Let’s assume for this situation that some of these additional security measures weren’t possible or failed for some reason. Waking up to someone tying my hands behind my back and telling me he’ll kill me would lead me to believe that the assailant likely has a weapon or perhaps plans to strangle me. Whether his threats are empty or not, I’d have to think quickly.
My legs aren’t bound yet, and I’ve learned how to break out of duct tape, even with my hands tied behind my back. Assuming he’d have to change positions and release his knee from my back at some point, I wouldn’t say a word or scream, but instead just wait. I have no idea if anyone would even hear my screams, so screaming would be useless at this point.
The moment he releases his knee from my back, I’d roll to the opposite side of the bed so that I could fall to the floor, sit up, and quickly lunge my hands up as far as they’ll go and forcefully drop them back down again to attempt to break the duct tape. By rolling away from my attacker, it gives me a few moments to work on getting out of the tape. If I couldn’t break the tape with the first thrust down, I would try to slip my legs through my arms. While this can be difficult and takes practice, it can be done.
This would all happen quickly, but I’d be banking on the possibility that my attacker would be caught off-guard by my sudden actions and wouldn’t react right away. I’d pull the duct tape up enough to see clearly as soon as I freed my hands. If he wrapped his arms around me from behind to try to subdue me once again, I would attempt to lift my arms up and break free from his grip, turn, and punch him in the groin — a good spot to hit, whether you’re fighting a male or female.
If I couldn’t break free from his hold with this technique, I could also simply bend down a bit and attack the groin, step on his feet, kick him in the shins, legs, or whatever your limbs I can reach — attacking some area of his body is better than doing nothing. I would try to jump over the bed to access my phone or purse to retrieve my firearm or knife.
If he grabbed my leg and tried to pull me back, with my other leg, I would kick his arm, face, or whatever my free leg could reach. I could also possibly use the sheets to cover his head and disorient him. If I couldn’t retrieve my knife or firearm fast enough, I’d be reaching for and throwing whatever I could at him to slow him down. Anything can be an improvised weapon and could potentially put him on the defensive.
I may have to scratch, claw, and bite my way out of his grasp to reach my weapon and cell phone. I could also use the small dog tag folding knife I’d kept in my pants to defend myself and buy enough time to get to the other side of the bed to retrieve a more effective weapon.
If I were able to reach my firearm, I would tell him to lie on the ground as I kept my gun on him and called 911. If he didn’t comply with my orders, this is where it gets tricky. If he runs away, I may not have to use my firearm. If he’s fleeing, then in the eyes of the law, he may no longer be considered a threat. If I were to shoot at a fleeing assailant, even with what just happened, I could go to prison. The specifics will depend on the laws in your jurisdiction, so be sure to research and understand them. However, I would keep my gun at the ready and the phone line open, then go check on Paula. On the other hand, if he continued to attack me or tried to take my weapon, I may have to use deadly force to protect myself.

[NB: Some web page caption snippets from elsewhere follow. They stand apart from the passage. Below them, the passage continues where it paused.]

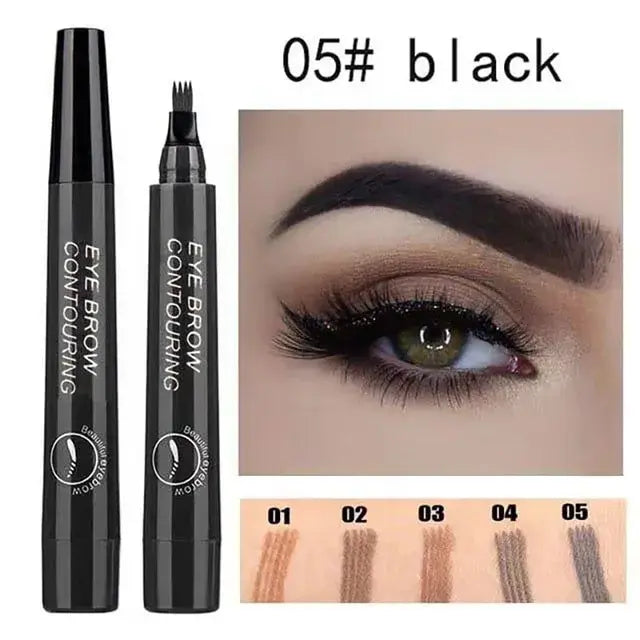 Stylo à sourcils pour microblading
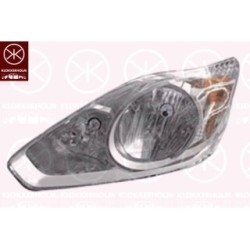 Headlight - KK 25350122A1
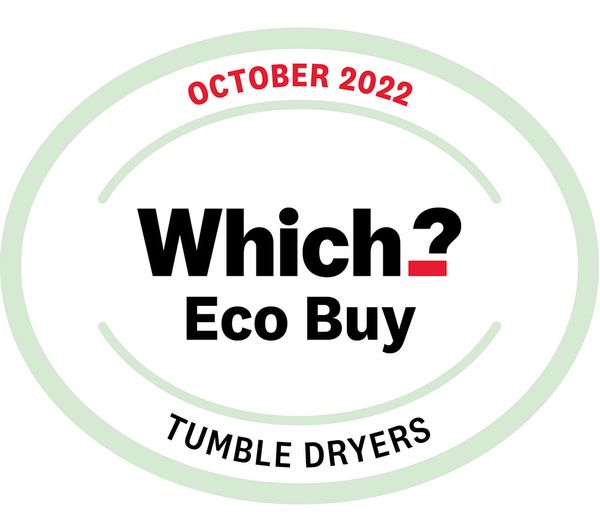 BOSCH Series 6 WQG24509GB 9 kg Heat Pump Tumble Dryer - White
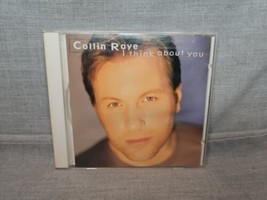 Collin Raye - I Think About You (CD, 1995, Sony) - £4.66 GBP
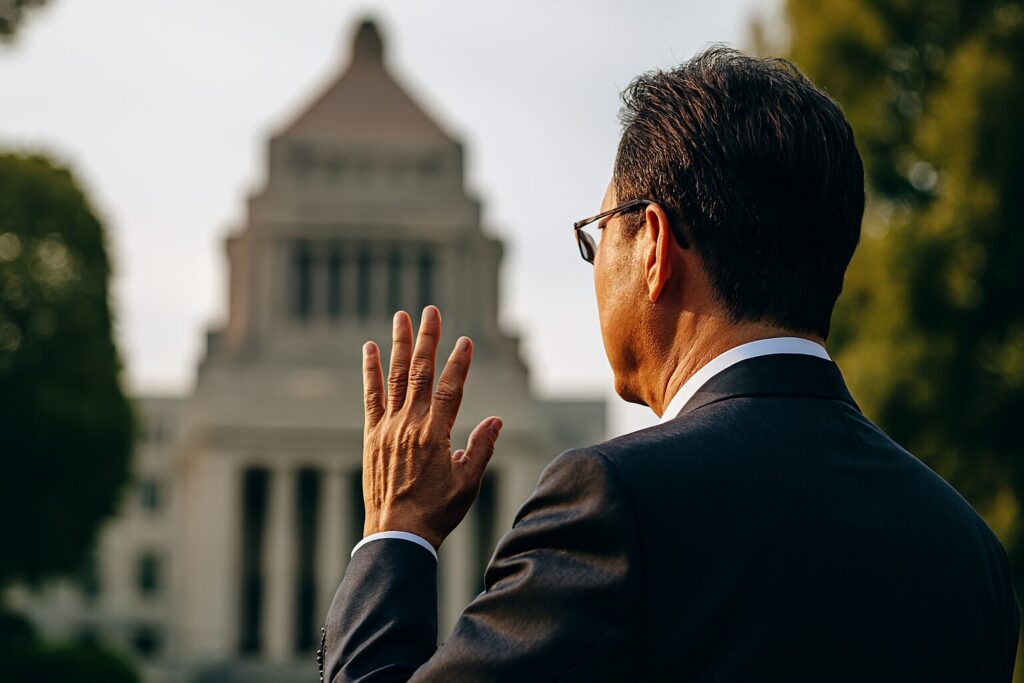 職業選択の自由と憲法のイメージ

Ideally, after confirming whether Paula is safe or not, I’d remain on the call with the 911 operator until the police arrive. When they get there, they don’t know the situation or if I’m really the bad guy — all they know is that I have a gun. I’d tell them that I’m a concealed carry holder and do my best to comply with what they’re asking and work out the details later, such as if I need a lawyer. Simply being handcuffed doesn’t forfeit your right to speak with a lawyer. Gather your thoughts and remain compliant, but answering questions should be done in the presence of an attorney. [Editor’s note: see “Aftermath” in Issue 1 of our sister publication CONCEALMENT for post self-defense shooting legalities.]
Whether you’re scared for your life in your own home or just walking down the street to work, you should always take every precaution necessary to avoid being a victim. We don’t always have security guards or police nearby when we need it most, so we must be responsible for our own safety.
Even though I hadn’t stayed at Paula’s new home before, could there be a way to become familiar with the layout without even setting foot in it? Possibly. Using social media, I’d look to see if Paula had shared any photos like many excited new homeowners do. Since she recently purchased the house, there might also be a listing with more details on a real estate site. I’d use Google Maps and to see what the outside of her house and the neighborhood looks like to make sure I went to the right place. It’d be worth noting how close the neighbors are and what the terrain is like immediately surrounding Paula’s house.
The news about her tenant and his late-night guests would be an instant red flag. If he were to come home and bring his friends to drink and party, the possibility of having mind-altered strangers in close proximity to where we’ll be sleeping wouldn’t sit well with me. Avoiding a bad situation is impossible if it descends upon me while I’m peacefully dreaming.
Upon awakening to the fragility of life years ago, I resolved to take at least one self-defense class a year in addition to firearms training. To supplement the classes, I listen to audiobooks with self-protection themes to fortify my mind and prepare myself mentally.
If I didn’t know about her tenant situation prior to arriving, there wouldn’t be much extra preparation before my visit, outside of my normal EDC. For the purpose of this article, I’ll address the situation with the tools presented earlier and examples from training I’ve taken.
Asking for a tour of the home would help supplement any impressions of the house’s layout I saw online and enable me to start planning ways to increase our security. Planning escape routes to nearest exits, knowing which second story windows can be used as exits, or hunkering down behind a sturdy, locked door with a cell phone are all options that should be considered.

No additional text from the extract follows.